Computer Science/Discrete Mathematics Seminar II
Unbounded-Error Communication Complexity of Symmetric Functions
The sign-rank of a real matrix M is the least rank of a matrix R in which every entry has the same sign as the Corresponding entry of M. We determine the sign-rank of every matrix of the form M=[ D(|x AND y|) ]_{x,y}, where D:{0,1,...,n}->{-1,+1} is given and x and y range over {0,1}^n.
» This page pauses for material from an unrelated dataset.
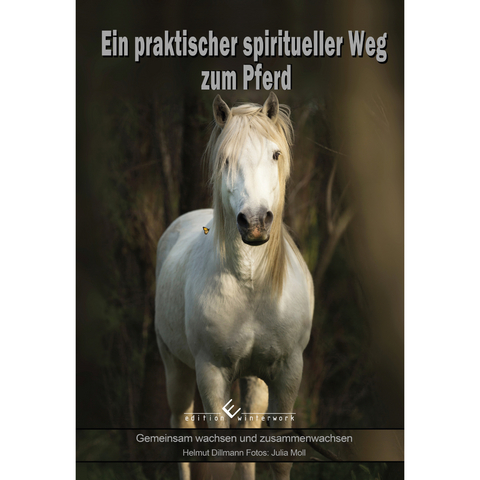 Ein praktischer spiritueller Weg zum Pferd - Helmut Dillmann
Specifically, we prove that the sign-rank of M equals 2^{\tilde Theta(k)}, where k is the number of times D changes sign in {0,1,...,n}. Put differently, we prove an optimal lower bound on the unbounded-error communication complexity of every symmetric function, i.e., a function of the form f(x,y)=D(|x AND y|) for some D. The unbounded-error model is essentially the most powerful of all models of communication (both classical and quantum), and proving lower bounds in it is a substantial challenge. The only previous nontrivial lower bounds for this model appear in the groundbreaking work of Forster (2001) and its extensions. As corollaries to our result, we give new lower bounds for PAC learning and for threshold-of-majority circuits. The technical content of our proof is diverse and features random walks on (Z_2)^n, discrete approximation theory, the Fourier transform on (Z_2)^n, linear-programming duality, and matrix analysis.